__Your goal__
The answer must consist only of the lines in the records below from the line with "Apartamento Altido Monte Suello" to the line with "2024 Buick Enclave Premium", both included, copied word for word with every picture left out.

__Data for analysis__
---------------
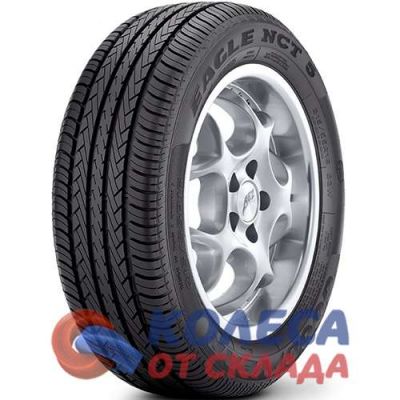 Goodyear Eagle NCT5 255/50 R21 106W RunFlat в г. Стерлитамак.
---------------
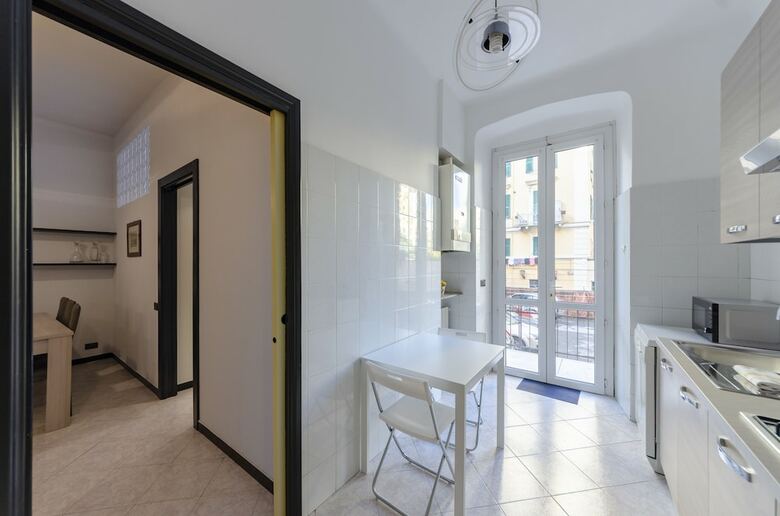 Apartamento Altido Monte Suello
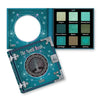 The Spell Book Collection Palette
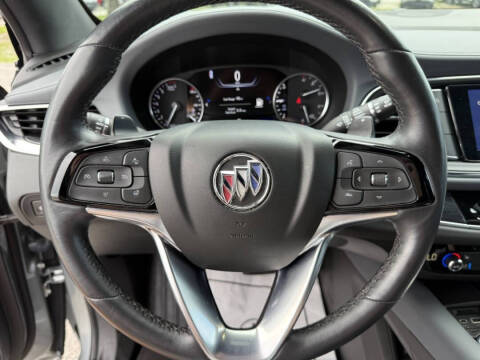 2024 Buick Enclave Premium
---------------
__Answer to this problem__
 Apartamento Altido Monte Suello
 The Spell Book Collection Palette
 2024 Buick Enclave Premium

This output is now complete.